▸ **Work instruction**: Word for word, copy out the data below, omitting pictures.

Short text fragments from websites:

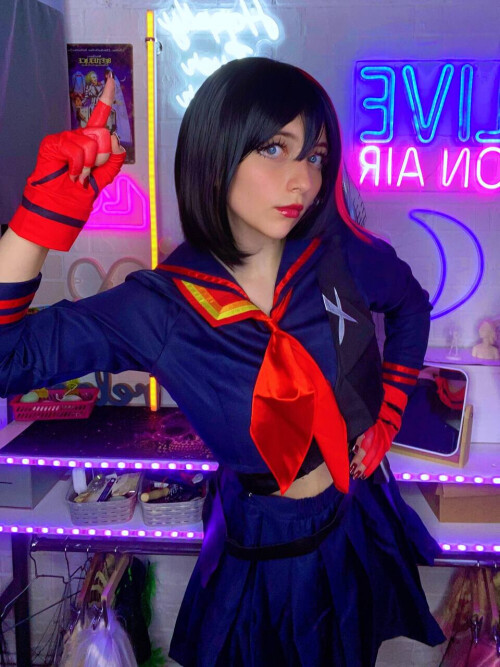 Raven teen titans 64cfcbbcecc393d21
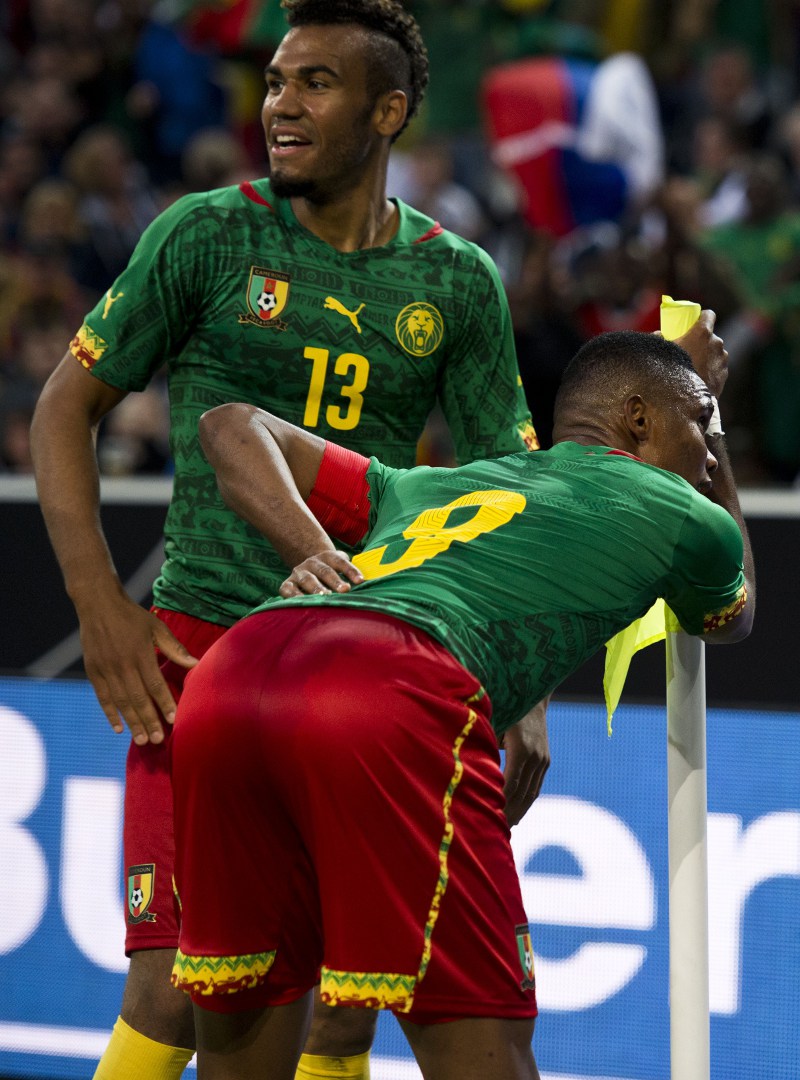 Samuel Eto'o celebra su gol ante Alemania 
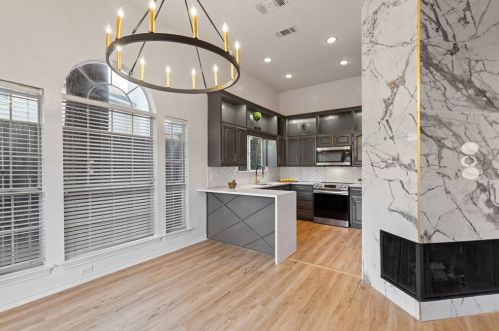 100 Cumberland Pl, Irving, TX 75063-4563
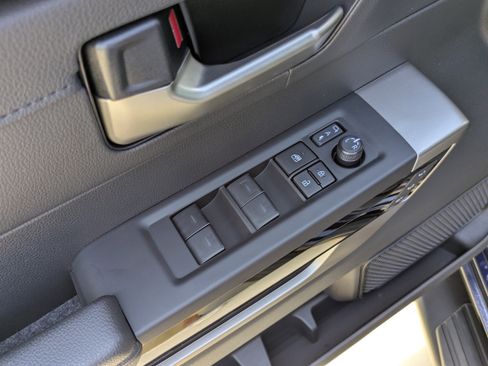 Used 2024 Toyota Tundra Limited image 7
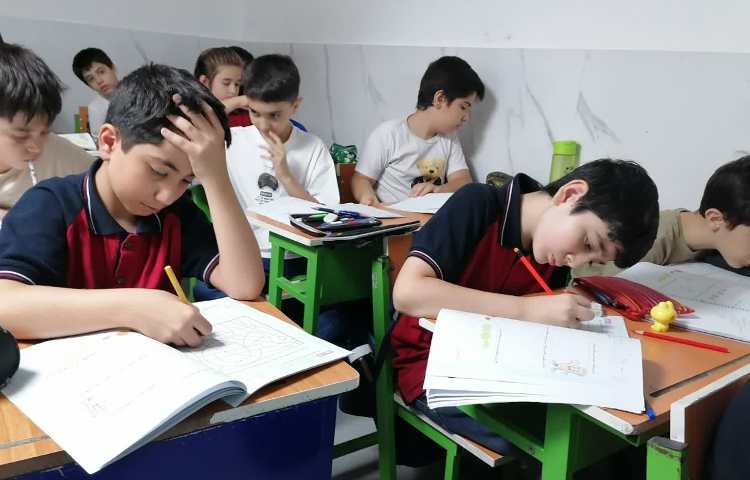 ریاضی حل تمرین و مرور جمع و تفریق کسرها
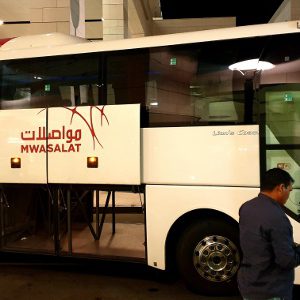 MWSALAT Überland Bus von Muscat Airport nach Shanah Masirah ISland. Günstigste Möglichkeit um Nach Masirah Island zu Rreisen für nur 4.- OMR pro Person pro Strecke. Günstige Öffentliche Verkehrsmittel im Oman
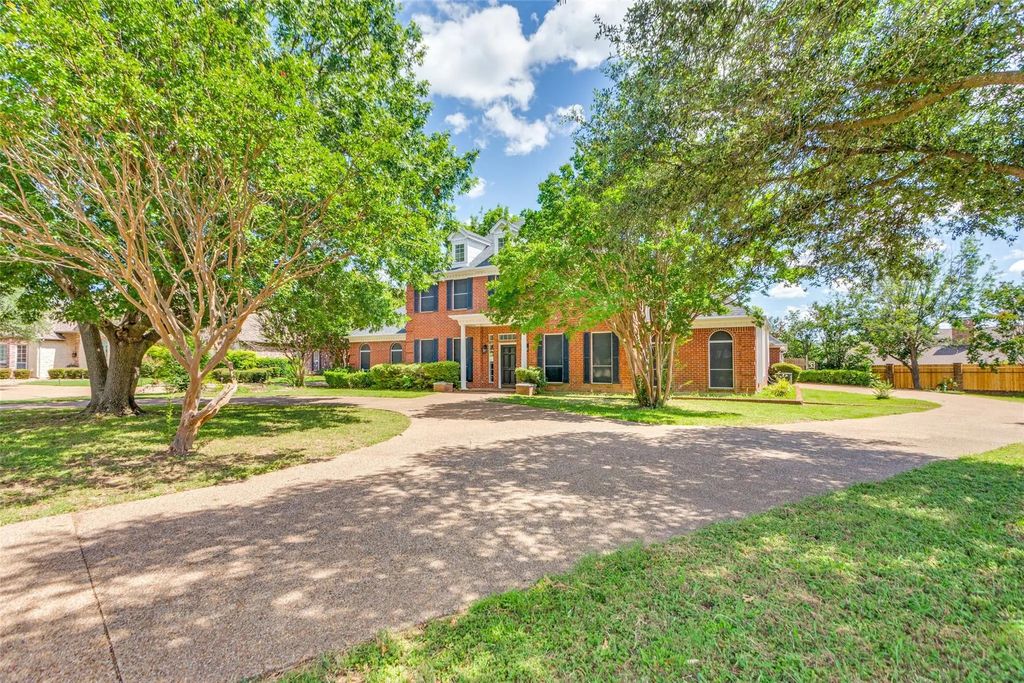 1309 Wedgewood Drive, Cleburne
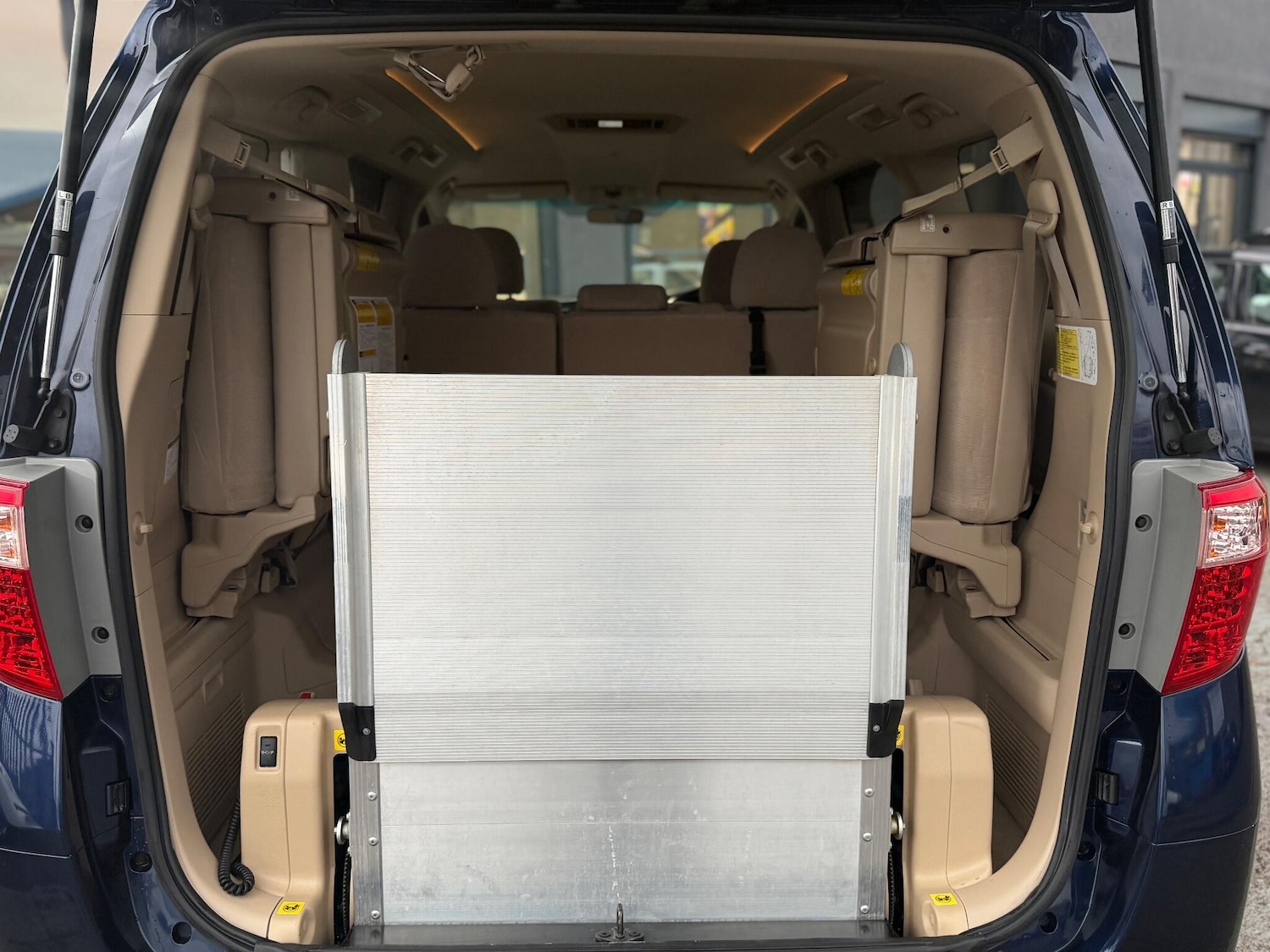 Used Toyota Alphard for sale - 78147706: Photo 48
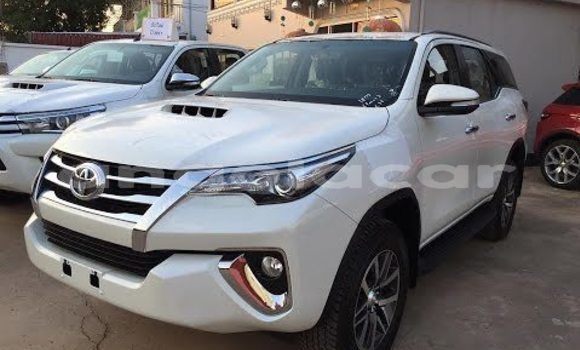 Acheter Neuf Voiture Toyota Fortuner Blanc à Luena, Moxico Acheter Neuf Voiture Toyota Fortuner Blanc à Luena, Moxico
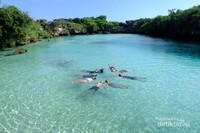 Menikmati biru dan segarnya Danau Weekuri di Sumba Menikmati biru dan segarnya Danau Weekuri di Sumba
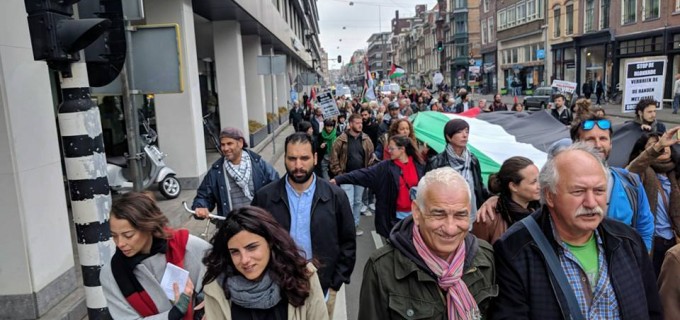 Marche à Amsterdam pour soutenir Jérusalem et pour protester contre le récent massacre d’Israël à Gaza, hier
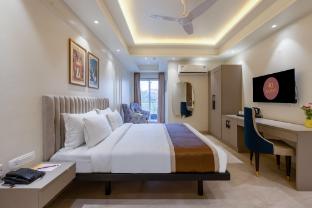 aadat hotel near artemis hospital gurgaon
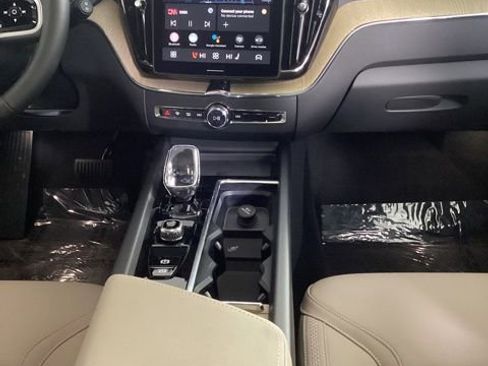 New 2026 Volvo XC60 B5 Plus w/ Protection Package Premier image 23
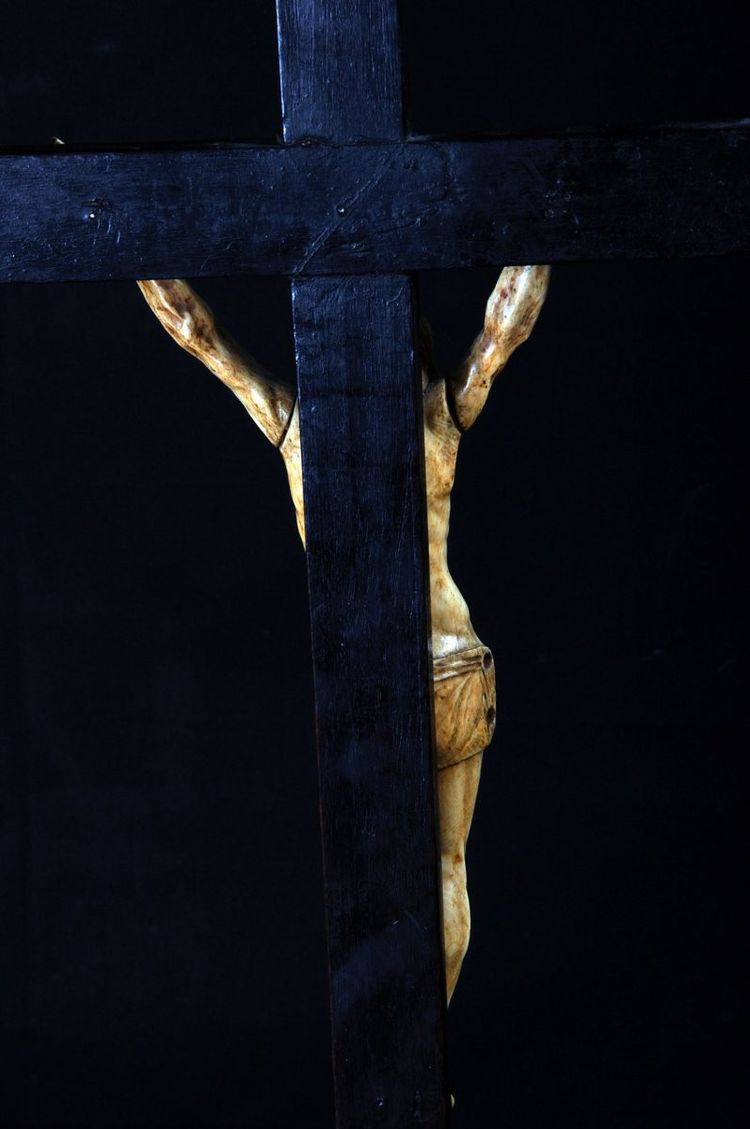 Crocifisso in legno annerito, Cristo in avorio scolpito XVII secolo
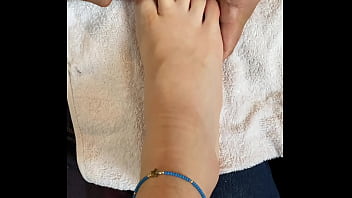 Hablando con mis seguidores y muestro mis fetiche de pies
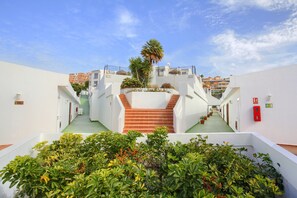 Property grounds - Vacation Studio 'Costa Adeje Terrace with Ocean View' with Sea View, Shared Pool and Wi-Fi (Costa Adeje)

▸ **Response area**:
 Raven teen titans 64cfcbbcecc393d21
 Samuel Eto'o celebra su gol ante Alemania 
 100 Cumberland Pl, Irving, TX 75063-4563
 Used 2024 Toyota Tundra Limited image 7
 ریاضی حل تمرین و مرور جمع و تفریق کسرها
 MWSALAT Überland Bus von Muscat Airport nach Shanah Masirah ISland. Günstigste Möglichkeit um Nach Masirah Island zu Rreisen für nur 4.- OMR pro Person pro Strecke. Günstige Öffentliche Verkehrsmittel im Oman
 1309 Wedgewood Drive, Cleburne
 Used Toyota Alphard for sale - 78147706: Photo 48
 Acheter Neuf Voiture Toyota Fortuner Blanc à Luena, Moxico Acheter Neuf Voiture Toyota Fortuner Blanc à Luena, Moxico
 Menikmati biru dan segarnya Danau Weekuri di Sumba Menikmati biru dan segarnya Danau Weekuri di Sumba
 Marche à Amsterdam pour soutenir Jérusalem et pour protester contre le récent massacre d’Israël à Gaza, hier
 aadat hotel near artemis hospital gurgaon
 New 2026 Volvo XC60 B5 Plus w/ Protection Package Premier image 23
 Crocifisso in legno annerito, Cristo in avorio scolpito XVII secolo
 Hablando con mis seguidores y muestro mis fetiche de pies
 Property grounds - Vacation Studio 'Costa Adeje Terrace with Ocean View' with Sea View, Shared Pool and Wi-Fi (Costa Adeje)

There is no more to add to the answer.